We learned about performance problems with Phobos, documentation / installation issues, and about missing functionality our customers wanted. Since then we’ve made lots of updates, improved documentation, and are routinely working on improving performance.

Improving the value of your products requires gathering negative feedback from customers - as that’s the only kind of feedback that is actionable. If you don’t do this, customers will silently seek out alternatives and not renew.

Thus, one of the other issues we’re working with Sdkbin is periodically nudging customers who are “inactive” - checking in on them with customizable emails, surveys, and other tools we can use to help automate the feedback-gathering process in order to make sure your products are getting the job done. This work is most effective when it’s done early in the customer lifecycle - not two weeks before a renewal.

Wrap Up

All in all, what we’re trying to achieve in the current sprint is really a type of data-driven sales automation - work that most software developers likely do not enjoy and is extremely labor-intensive when done manually. But with a platform like Sdbkin these tasks can be performed intelligently and in a targeted fashion that is specific to each customer account.

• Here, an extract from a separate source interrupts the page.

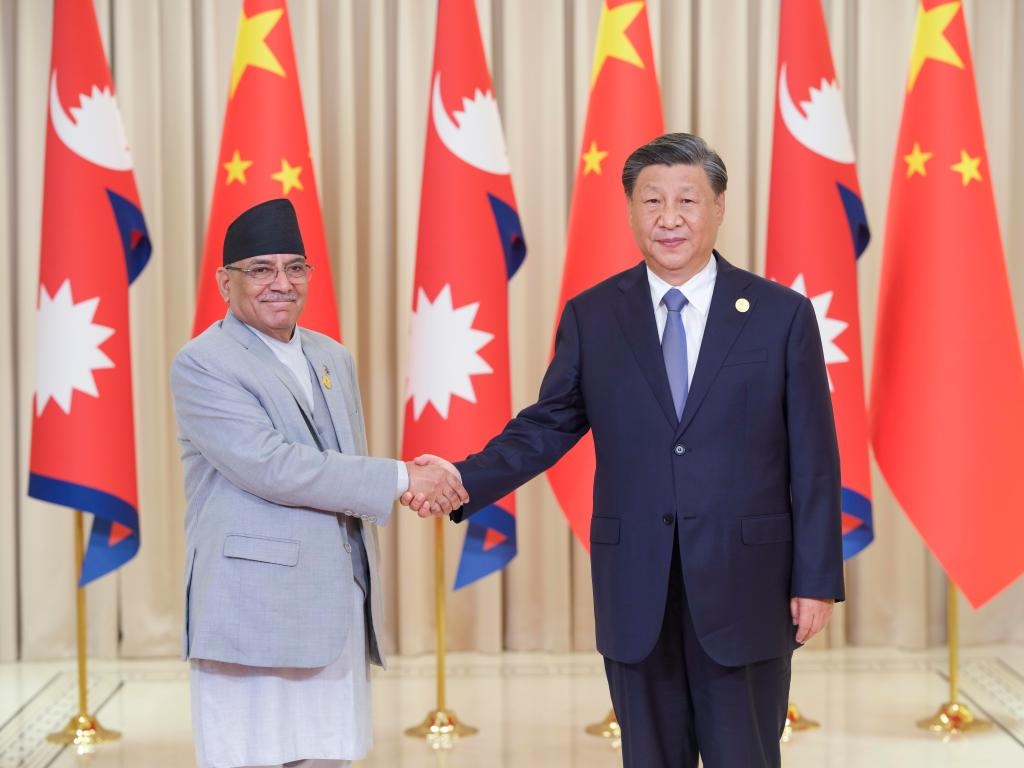 Xi meets Nepalese prime minister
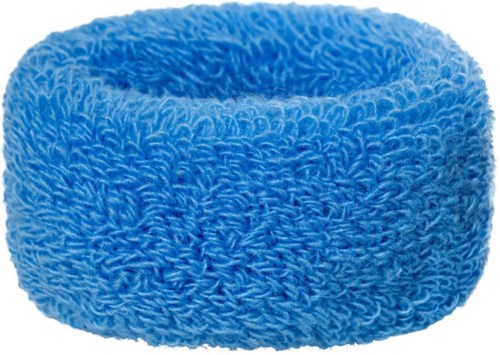 En fluffig, mjuk blå handduk rullad i en cirkelform.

We’re dogfooding this with Petabridge’s own products right now with the aim of quantifying our retention and renewal outcome numbers as social proof to other developers who will want to explore the Sdkbin platform for their own businesses in the future.

So far things have been very successful for us - but we have many more UX and feature improvements yet to come that are critical to ensuring smooth operations for everyone on our platform including ourselves.

Please let us know if you have any questions in the comments or you can contact the Sdkbin team here.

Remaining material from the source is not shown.